I learned that Italy always upsets me, like a teenager daughter out of control, or a father who’s never around. Wherever I go I have this feeling that potentialities are capitalized (I hope it is the right word!) only on a family level, that we’re totally missing a common plan.




Vedo Genova splendida e nessuna indicazione in arsenale, spiagge bellissime e spazzatura buttata a caso, che spesso finisce nell’acqua cristallina.
Non si può tirare a campare ognuno per sé, non funziona.

I think that Genoa is amazing, but in the whole arbour there’s no indication to the ferry; Sardinia’s beaches are beautiful but the trash is handled in such a messy way, and I always found plastic floating in the crystal clear water.
We can’t just keep on standing on one’s own two feet, in Italy, each one of us. It doesn’t work.




La Sardegna, bellissima e silenziosa, mi ha suscitato emozioni contrastanti.

Sardinia is beautiful and silent, and I felt so in love and so sad.






Le foto che vedete in queste pagine virtuali le ho scattate vicino a San Teodoro e a Cagliari - dove ho avuto il piacere di conoscere un’amica virtuale di lunga data, Mamma Dilettante, e la sua simpaticissima famiglia. Aggiungo alla lista che credo di avere imparato, finalmente, che devo farmi passare la paura che un incontro ‘dal vivo’ rovini tutto…

I took the pictures you see close to San Teodoro and in Cagliari – where I had the chance to meet an old virtual friend, Mamma Dilettante, and her wonderful family.

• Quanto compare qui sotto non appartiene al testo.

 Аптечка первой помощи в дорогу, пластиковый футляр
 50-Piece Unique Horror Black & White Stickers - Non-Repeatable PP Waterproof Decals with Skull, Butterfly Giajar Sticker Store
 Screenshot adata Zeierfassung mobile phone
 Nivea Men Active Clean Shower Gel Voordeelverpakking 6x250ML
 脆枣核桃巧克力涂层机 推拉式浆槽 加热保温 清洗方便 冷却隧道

Let me add to my list that I learned, finally, that I should stop being scared of ‘live’ appointments… it looks like they don’t ruin friendships, but actually make things better.




Le ultime due foto le ho scattate in un paesino che non so come si chiama, dove abbiamo provato a cercare un posto dove mangiare. Avevo dimenticato che la domenica è tutto chiuso. Sono già sette anni che ho lasciato l’Italia per la seconda volta.

I took the last two pictures in a small village where we looked for a lunch, and I can’t remember where it was. I forgot that in Italy, on Sundays, everything is closed. It has been seven years already, that I left my country for the second time.






C’è ancora una cosa che ho capito, ed è stato quando finalmente ho detto a voce alta che per me la vacanza era finita: che mio marito è come me. Mi ha sorriso, mi ha detto che ci stava pensando anche lui e mezz’ora dopo stavamo già cambiando i biglietti. Perché lui vive scegliendo di esserci: c’è tutto, nelle relazioni, nel lavoro, anche nelle vacanze. E se non funziona, si torna a casa. È una cosa bellissima; e devo dire che fa anche un gran bene.

There’s one more thing that I understood, and it was as I confessed that the holiday for me was over: that my husband is just like me. He smiled, told me that he felt the same, and half and hour later we were changing our tickets. Because, when he can choose, he does only what is really worth doing, in a way that he can be ‘completely there’: relationships, work, even holidays. And if doesn’t work, we can go back home. It is a beautiful thing; and I must say: it feels really good.